Doug Weill, co-founder and co-managing partner of real estate advisory firm Hodes Weill & Associates, estimates approximately 90 percent of real estate managers globally have a European waterfall today. “The shift from American to European waterfalls has made it very challenging for managers to pay their teams on a more regular basis when the carry is back-ended, and this is more pronounced for smaller managers and/or managers with one fund series,” the firm said in a January report.
“Most mid-sized firms are challenged with how to incentivize and retain the next generation of individuals,” Weill says. “They want carry to reward investment performance and to be valuable to the individual, which can be a challenge when payment is so long dated – often out seven or eight years.”
One solution has been to offer deal-by-deal payouts that are subject to certain provisions including reserves and portfolio valuation tests, with some managers personally guaranteeing the clawback. The payouts are coupled with a vesting program for carry, where the majority of the carry typically vests over a three- to five-year period, with a certain percentage withheld until the portfolio is fully liquidated.
“While very logical to have a deal-by-deal payout, it can be a challenge to convince investors otherwise”
“What that does for the individual is even though the carry may be long dated, they know that if in one or two or three years, for whatever reason, they want to leave the firm, at least they own a portion of the carry,” Weill says. In some cases, the interim carry payout also only goes to non-principals, with the owners and partners deferring their share of the carry until liquidation.
When it comes to raising the retention issue with investors, however, Weill says “managers are making that argument and it’s typically falling on deaf ears.” Consequently, only a handful of his firm’s placement clients offer modified deal-by-deal promotes to their younger professionals: “While very logical to have a deal-by-deal payout, it can be a challenge to convince investors otherwise.
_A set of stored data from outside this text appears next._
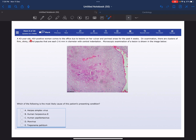A 43-year-old HIV-positive woman comes to the office due to lesions on her vulvar and perineal areas for the past four weeks. On examination, there are clusters of firm, shiny, round papules that are each two to six millimeters in diameter with central indentation. Microscopic examination of a lesion is shown in the following image below. Which of the following is the most likely cause of this patient's condition?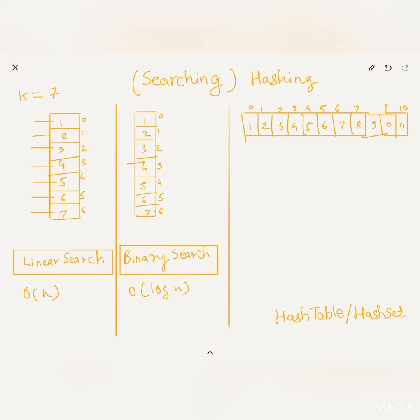So we see that in both algorithms, they work by comparison — we take k and compare it with, in the case of linear search, all elements in the worst case, and in the case of binary search, O(log n) elements. Basically, these algorithms work by comparing k with either all or some elements of the given input collection.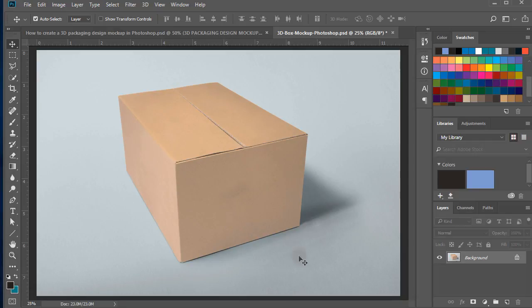Today, I will tell you how to create a 3D Packaging Design Mockup in Adobe Photoshop.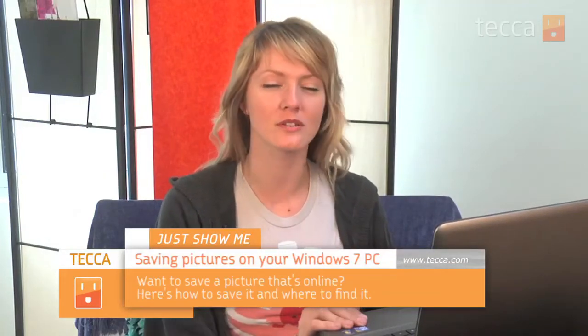Hi everybody, I'm Ashley Esteva and it's time for another installment of Just Show Me on Tekka TV, where we take your tech toys and gadgets and show you how to get the most out of them. Today I'm going to show you how to save and download a picture from the internet to your Windows 7 PC or laptop.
It’s a highly competitive market and many managers, especially boutique managers, don’t want to give an investor an easy reason to say no to their fund offering.”
However, Steven Cowins, head of funds at law firm Greenberg Traurig, says that while investors typically favor back-ended promote, many have recognized the importance of incentivizing and retaining junior and mid-level team members. “Intelligent investors will look at the stability of the platform and the fact that a good manager should have talent running through the whole platform, not just at the senior end,” he says.
Jennifer Choi, managing director of industry affairs at the Institutional Limited Partners Association, says the situation is more nuanced: “It really comes down to the nature of the manager’s relationship with the LP, and the specific circumstances for that firm, particularly if it is earlier in its development. LPs recognize that today’s market for talent is competitive and do consider whether there may be business risk related to not properly incentivizing more junior members of the team.”
With deal-by-deal promotes, some considerations include how the clawback works when distributions are made to junior members of the team. Adding to the complexity is increased use of subscription lines, which if used aggressively can accelerate a fund’s performance past its hurdle, the threshold on which compensation would be based, she says.
“On a case-by-case basis, LPs may take into account the circumstances of the manager, but the majority of LPs would like to see the whole of fund waterfall become the industry standard globally,” says Choi.